200 electric vehicles are being deployed for the Torch Relay, the Marathon, and other Olympic Park operational roles. Models in use are Mini E, BMW 1 Series Active-E,non-standard production models and UPS Modec Vehicles. In a fun twist a number of miniature remote control E-MINIs- roughly quarter scale and specially designed for the Olympics -are being used to pick up javelins, discuses, hammers and other throwable items from the field events, saving time for athletes during the competition (See photo). General Electric and EDF have provided 120 Charging Points at fleet depots and Charge Point Services has set up a bespoke software solution for monitoring and controlling them.
Several EVUE city partners voiced the view that a green Olympics should provide the opportunity to showcase a more diverse selection of clean vehicle suppliers, to publicise all the vehicles coming onto the market. The realities of the sponsorship framework give exclusivity to BMW, and this links to the on-going debates about balancing the interests of all stakeholders- the Olympic family,commercial sponsors,the host city and its citizens, as well as visiting participants and spectators. The wider legacy of the Olympic Games in London will not doubt be the subject of many further discussions.

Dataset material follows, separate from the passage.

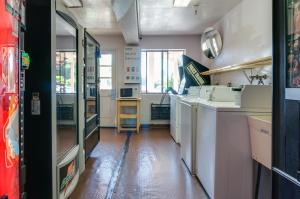 cocina con encimera y lavabo en una habitación en Heritage Inn La Mesa, en La Mesa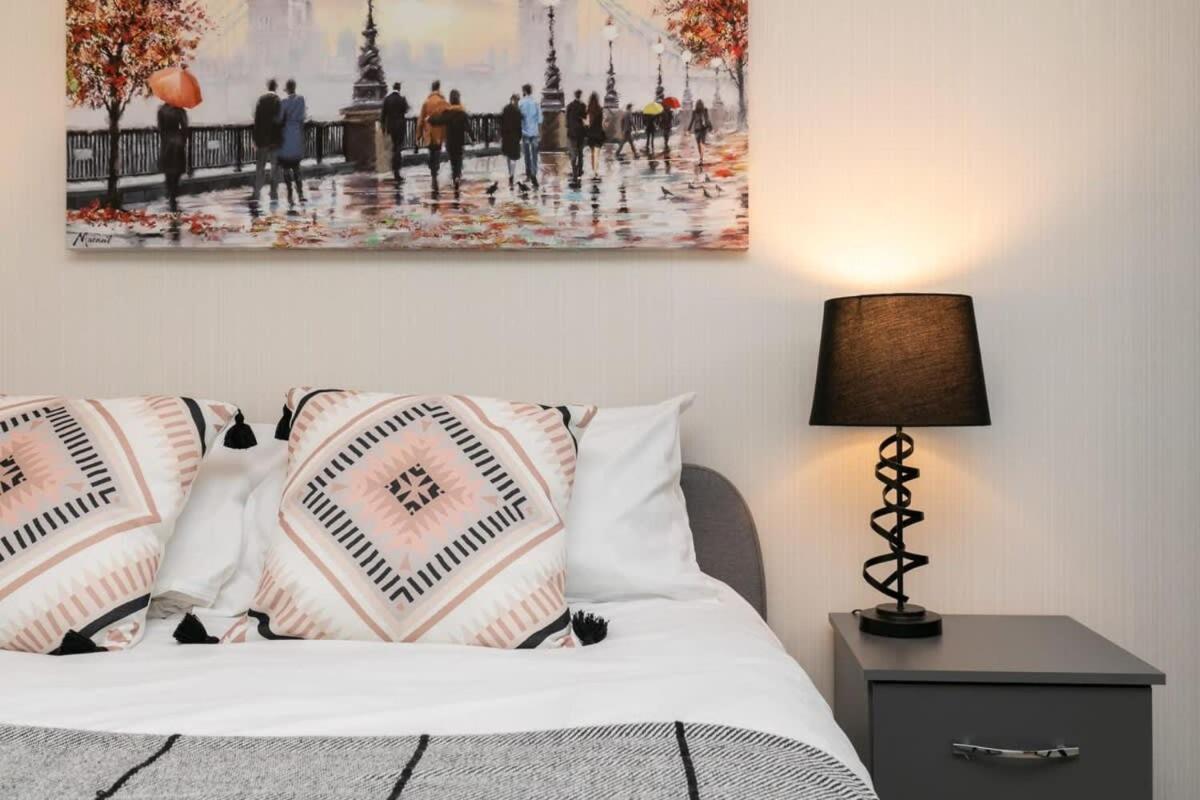 Modern 1 Bedroom Apartment In Woking Town Centre Εξωτερικό φωτογραφία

Important for all those interested in sustainable mobility and the EV market is to be able to share the post Games evaluation data, to add to the already plentiful evidence that EVs perform well, also under the particular conditions and realities of the Games. This message needs to be well promoted to boost uptake of EVs.
The Games has also been a trigger to trial other anti- congestion measures, such as more home working to reduce regular commuter numbers, staggered event times, special lanes, road closures, and access and delivery restrictions for commercial and private vehicles. If these initiatives have been successful, which appears to be the case at the moment, then there are important lessons learnt about how to introduce and manage these often unpopular initiatives. They can become more permanent tools for London and other cities to use in future to achieve carbon reduction from transport.